■ Problem requirements: Print the lines that run from the line with "glowica-4t-gy6-80ccm-47mm-kpl-bez-odpowietrzenia-duze-zawory-anh" to the line with "Iran: Khamenei’s crony", keeping both end lines, exactly as they appear in the entries below, and nothing else.

■ Dataset content:
|---|

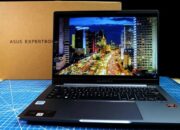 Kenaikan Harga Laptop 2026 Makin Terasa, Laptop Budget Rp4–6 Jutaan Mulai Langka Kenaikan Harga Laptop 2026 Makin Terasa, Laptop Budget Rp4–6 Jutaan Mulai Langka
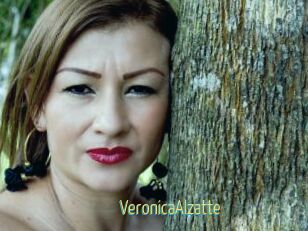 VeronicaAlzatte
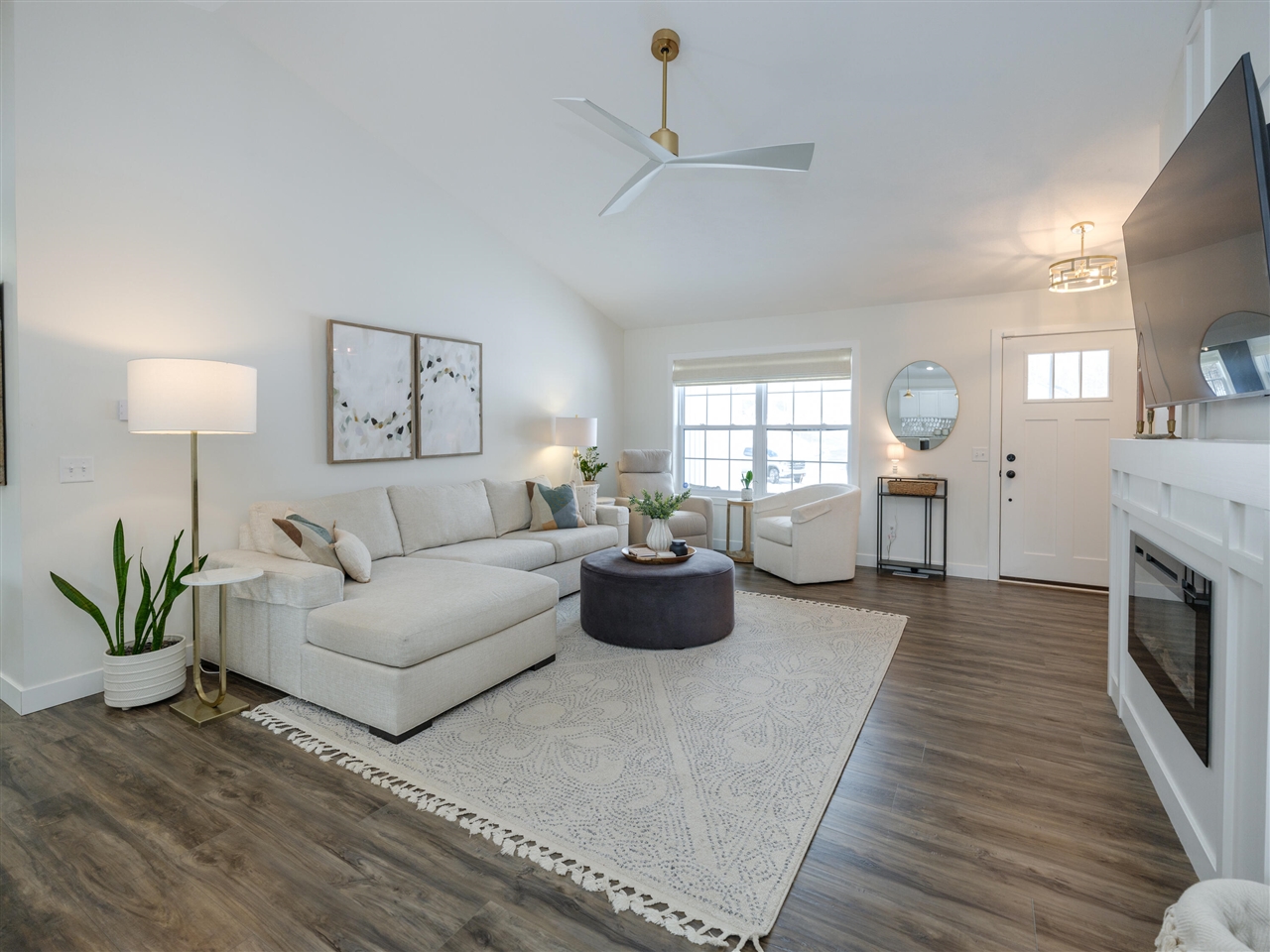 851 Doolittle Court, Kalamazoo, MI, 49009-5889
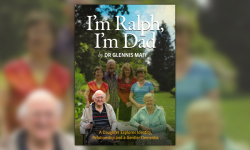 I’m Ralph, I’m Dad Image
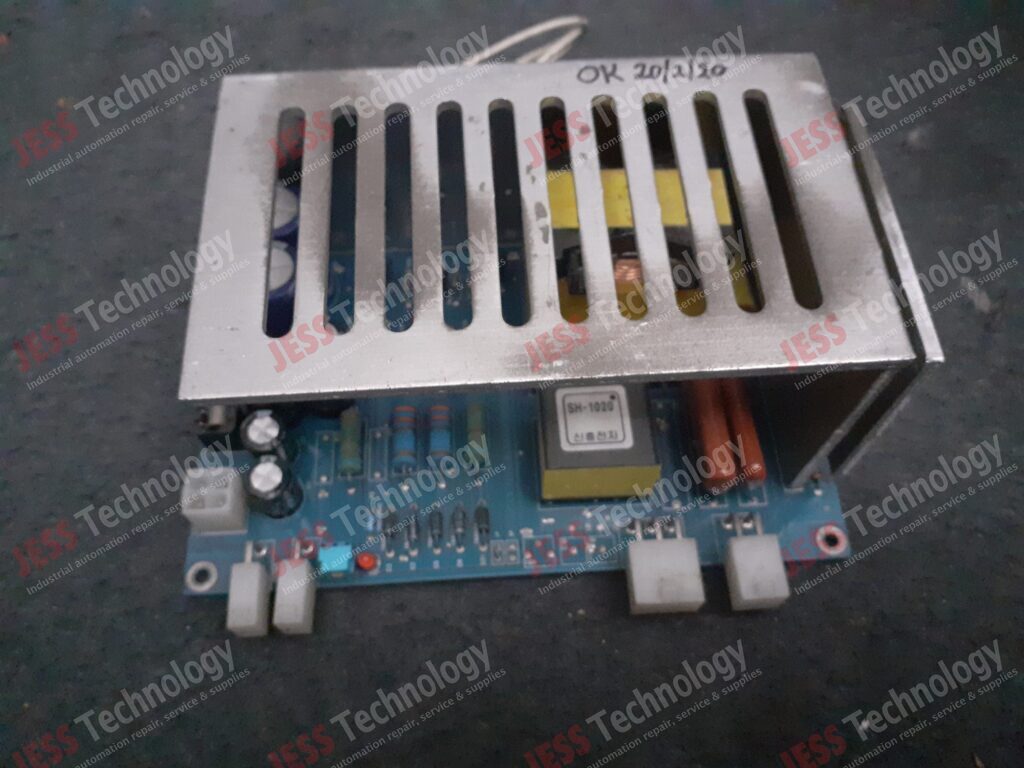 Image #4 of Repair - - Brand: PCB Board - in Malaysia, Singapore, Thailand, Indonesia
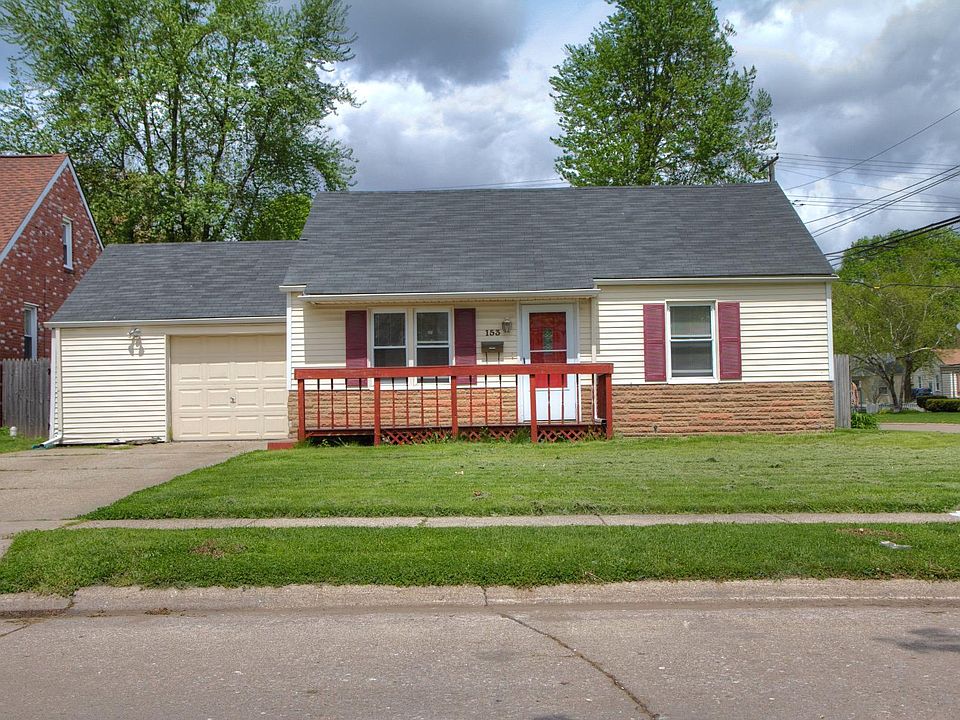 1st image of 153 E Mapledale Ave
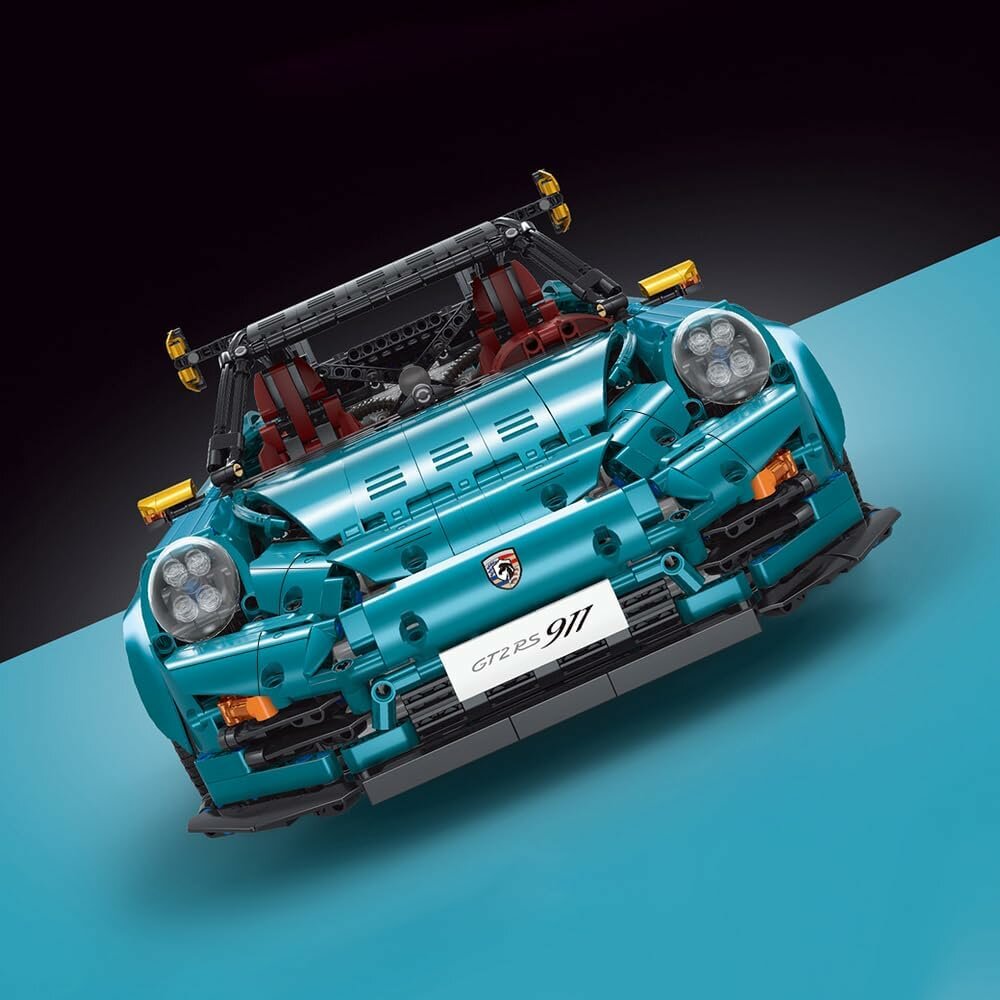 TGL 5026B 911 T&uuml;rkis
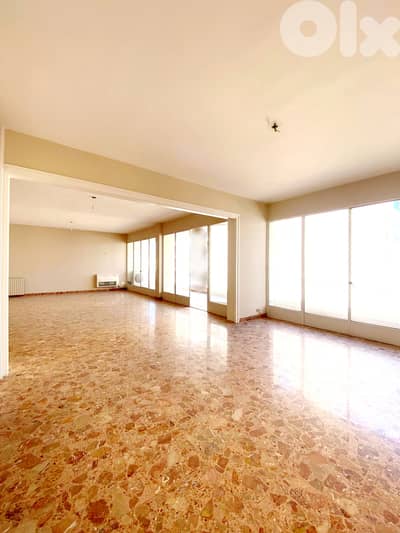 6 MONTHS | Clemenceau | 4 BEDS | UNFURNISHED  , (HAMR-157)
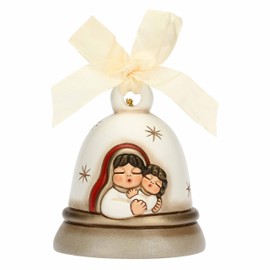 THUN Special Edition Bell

|---|

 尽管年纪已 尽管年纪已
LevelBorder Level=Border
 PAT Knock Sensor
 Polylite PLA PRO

|---|

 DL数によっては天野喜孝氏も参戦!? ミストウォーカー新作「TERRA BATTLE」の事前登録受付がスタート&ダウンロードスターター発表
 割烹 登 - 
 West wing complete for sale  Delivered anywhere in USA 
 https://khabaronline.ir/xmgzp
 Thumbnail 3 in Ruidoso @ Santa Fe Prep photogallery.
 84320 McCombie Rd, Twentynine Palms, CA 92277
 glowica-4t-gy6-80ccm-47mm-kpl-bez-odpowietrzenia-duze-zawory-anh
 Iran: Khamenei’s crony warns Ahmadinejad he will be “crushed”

|---|

■ Task answer:
 glowica-4t-gy6-80ccm-47mm-kpl-bez-odpowietrzenia-duze-zawory-anh
 Iran: Khamenei’s crony warns Ahmadinejad he will be “crushed”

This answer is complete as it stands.